EXERCISE INSTRUCTIONS - Omit all pictures, then repeat the listing exactly.

THE DATA -
=== Section Start ===

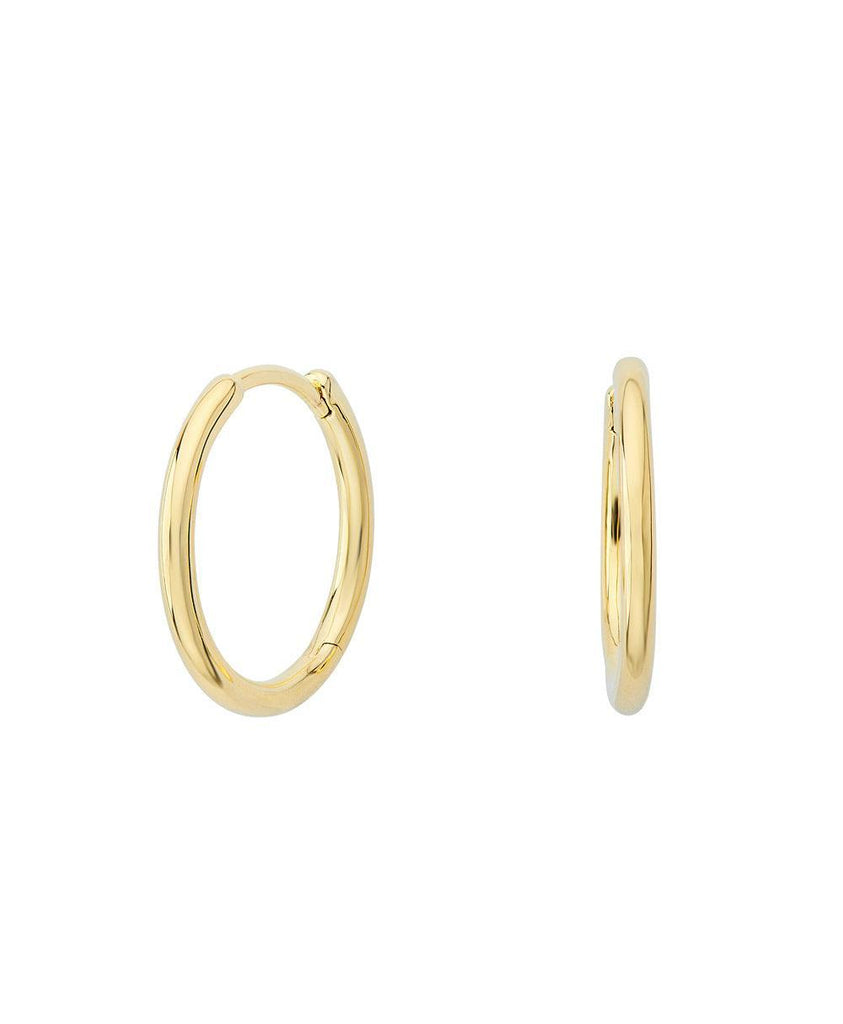 Aya Big Creole 18ct Gold Plated - Larsson & Jennings | Official Store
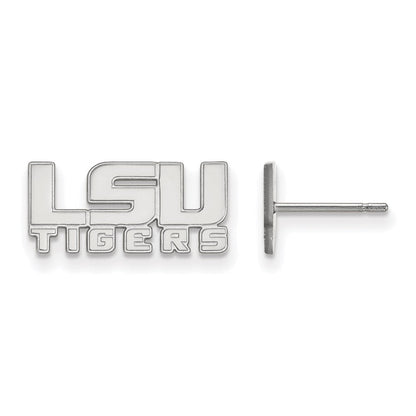 Sterlingsilber Rhodiniert Logoart Louisiana State University L S U Tigers Extra Klein Ohrstecker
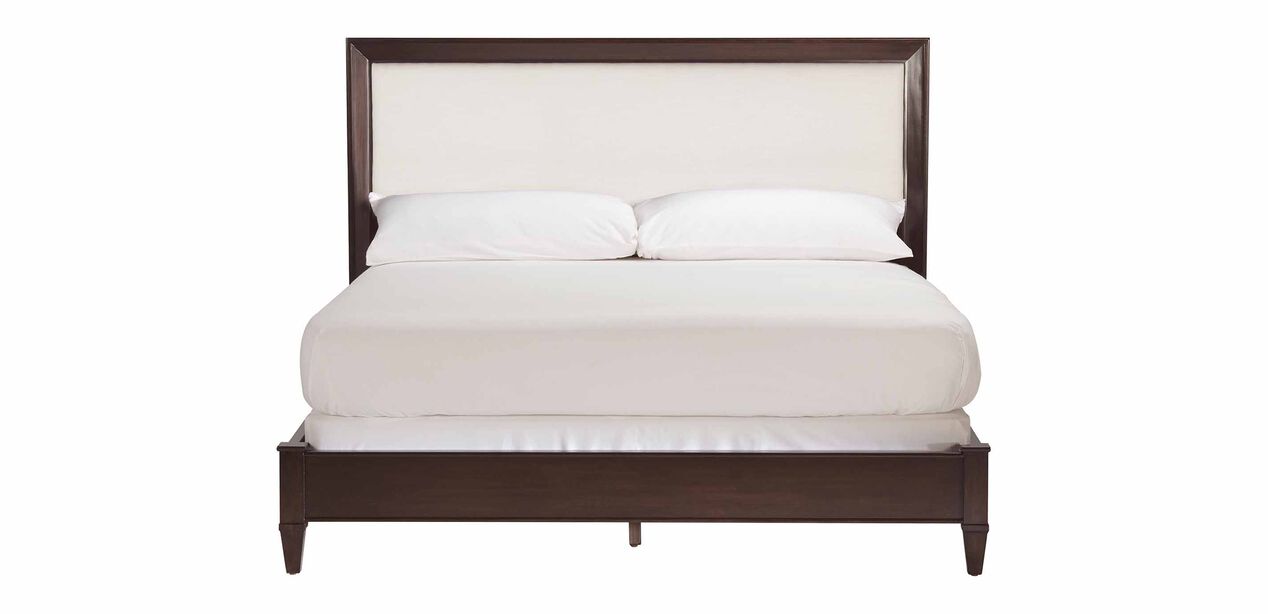 Andover Low Profile Upholstered Bed, Low Upholstered Bed Frame Queen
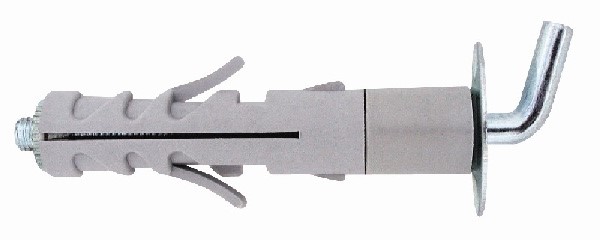 Комплект удължен дюбел с къса кука ф9х49/М4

=== Section End ===

RESULT OF THE EXERCISE -
 Aya Big Creole 18ct Gold Plated - Larsson & Jennings | Official Store
 Sterlingsilber Rhodiniert Logoart Louisiana State University L S U Tigers Extra Klein Ohrstecker
 Andover Low Profile Upholstered Bed, Low Upholstered Bed Frame Queen
 Комплект удължен дюбел с къса кука ф9х49/М4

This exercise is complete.